Part of Olive’s character is the compromise she seems to have made for her own survival: Olive has developed the capacity to keep going, despite the “dangerous, unseen currents” (68) of “big burst” events, but the cost is that she cannot self-reflect. There is no room for questioning her perception: “A person can only move forward, she thinks. A person should only move forward” (70). The Trials of Grief and Mental Illness are evident in Olive’s approach to life. Olive is aware, at some level, of the importance of talking. She knows that her father did not talk, and she recognizes her son’s reticence to talk as a warning sign. Yet her own survival depends so heavily on never examining her own perception that Olive is unable to do that kind of talking herself.
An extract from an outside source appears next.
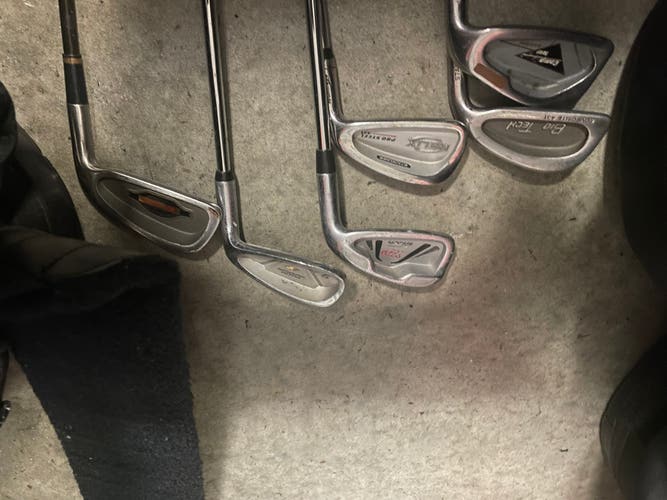 Golf clubs 6 Pc in RH Mixed brands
The inflexibility of Olive’s perception overlaps with her mental health struggles to fuel Olive’s frustration with Suzanne. Olive’s perception, founded on her life experience, is that life is unstable, unpredictable, and full of risk. Thomas’s New York Times article also makes the following observation of Olive as a character:
[T]he main thing we learn about her is that she has a remarkable capacity for empathy, and it’s an empathy without sentimentality. She understands that life is lonely and unfair, that only the greatest luck will bring blessings like a long marriage and a quick death. She knows she’s been rotten; she has regrets. She understands people’s failings and, ultimately, their frail hopes (Thomas, Louisa. “The Locals.” New York Times, 20 Apr. 2008).
This section of chapters captures this feature of Olive, who best connects not with the average child at the wedding, but with Nina White, a young woman navigating her own mental health, and with the gun-wielding young man who holds her hostage. Olive resists The Necessity of Human Connection for herself, but she certainly has the capacity for it. This part of Olive’s character, however, means that what irks Olive most is not Suzanne’s insults, but what Olive perceives as the woman’s hubris: her “know-it-all face” (71), the fact that Suzanne “thinks she knows everything” (74). That is not how life works. In Olive’s mind, Suzanne’s confidence is an assault on Olive’s lived experience, especially given Suzanne’s comparatively easy life, by Olive’s standards: “Nobody knows everything—they shouldn’t think they do” (74).